Note that the Tidaholm or other wood doors have an open wood grain surface, and once their painted you will still see the texture of the open wood grain.  Whether you like this effect or not, this is what you'll get, but I can tell you that once the doors are up you don't notice it at all. 

Here's another look at this kitchen I designed about a year and a half ago as it was nearing completion.  The cabinets are Ikea's Tidaholm, custom spray lacquered in Farrow & Balls' Pointing.  Sorry no final after photos just yet!  The gables between the cabinets and the full gables beside the wall ovens were painted on site.

Kitchen design by Carol Reed

I searched around for more photo examples of painted Ikea kitchens, I remember seeing some in various publications but I can't for the life of me find any images now that I'm looking for them.  But I did manage to find photos of the most BEAUTIFUL country kitchen with the same Tidaholm doors and that also have been custom sprayed.  Even though its the same cabinets as the kitchen above, its the complete opposite type of home, the white kitchen in the photos above is located in a 70's mid-town condo, the kitchen shown below is in an old century home in the rural town of Tweed, Ontario.  A testament to the versatility of a simple classic door style. 

This kitchen is the country home of Style at Home magazine editor Margot Austin, the photos are by Donna Griffith as seen in the April September 2007 issue of Style at Home.  I completley love everything about it - I wish I could just move in tomorrow, its perfection to me.   Apparantly I'm not the only one who covets this kitchen, its been reported that Martha Stewart hearts this kitchen too! 

At least five of my favorite things are in this one photo, white walls, windsor chairs, old wood floors, vintage bronze hardware, ,,,and furry four legged kids.

*Update:  see comment section for additional details from Margot herself.

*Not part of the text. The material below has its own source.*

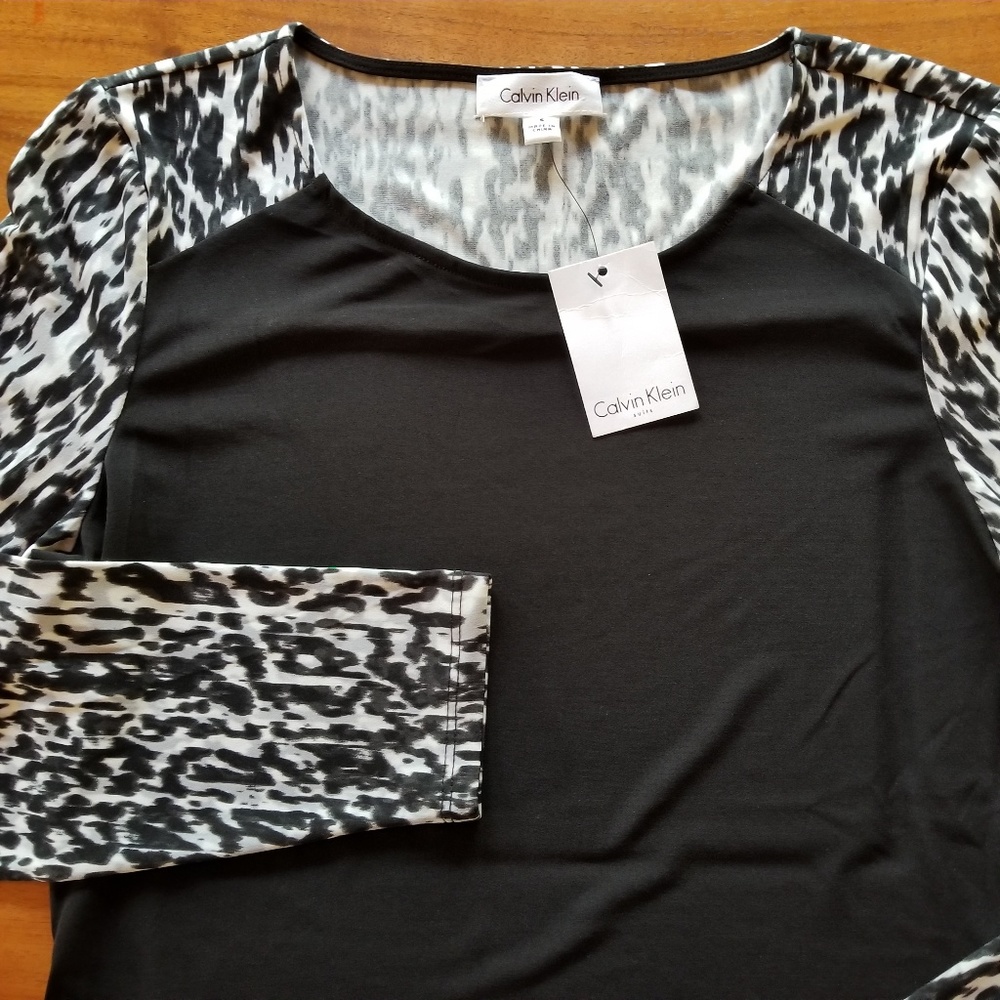 Calvin Klein Shirt Size Small Black - Picture 2 of 11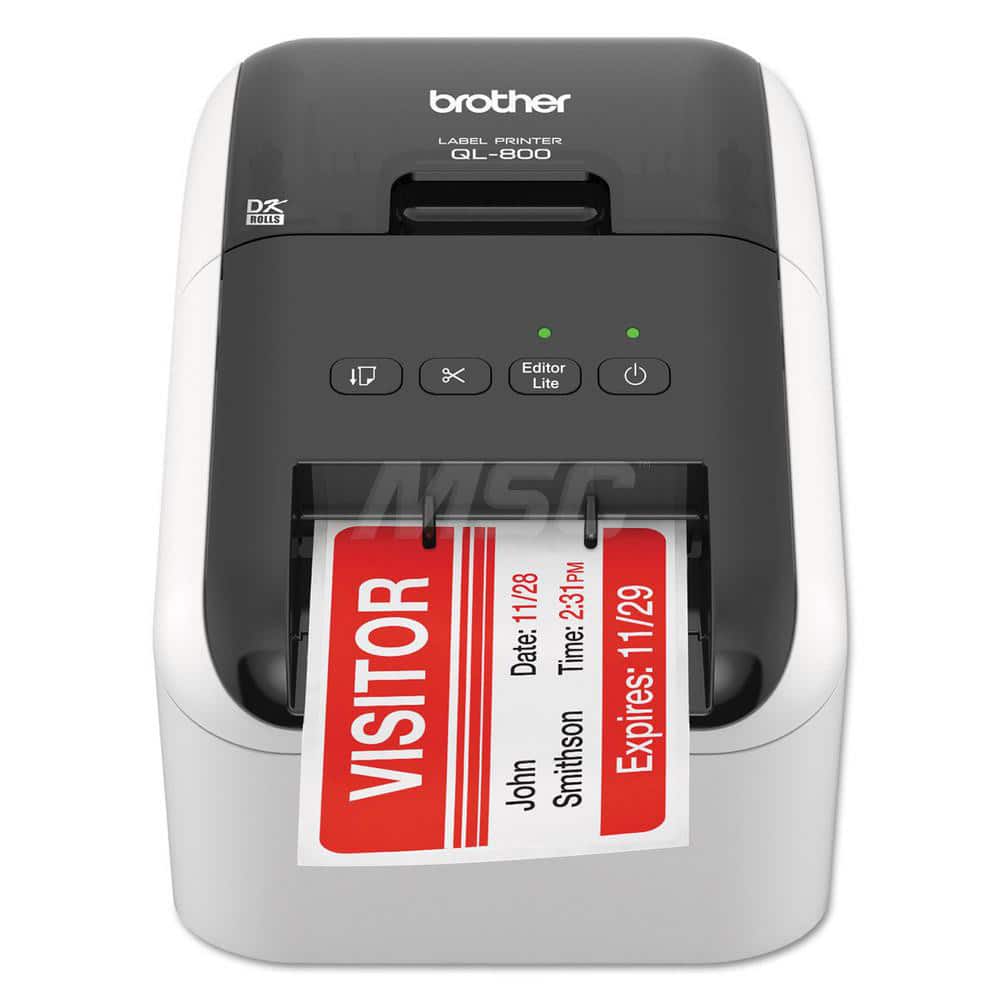 QL800 HIGH-SPEED PROFESSIONAL LABEL PRINTER MPN:BRTQL800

Going back to what I mentioned above,  this represents what a successful Ikea kitchen design is all about - the cabinetry blends so well with the character of the home, its understated and doesn't distract from but rather highlights the real features of the room - that gorgeous island, the dramatic light fixture, the old flooring and antique finds.   This is how you do 'bespoke Ikea' and when everyone asks where you're kitchen is from, you can just say 'its Swedish, I had it custom built'.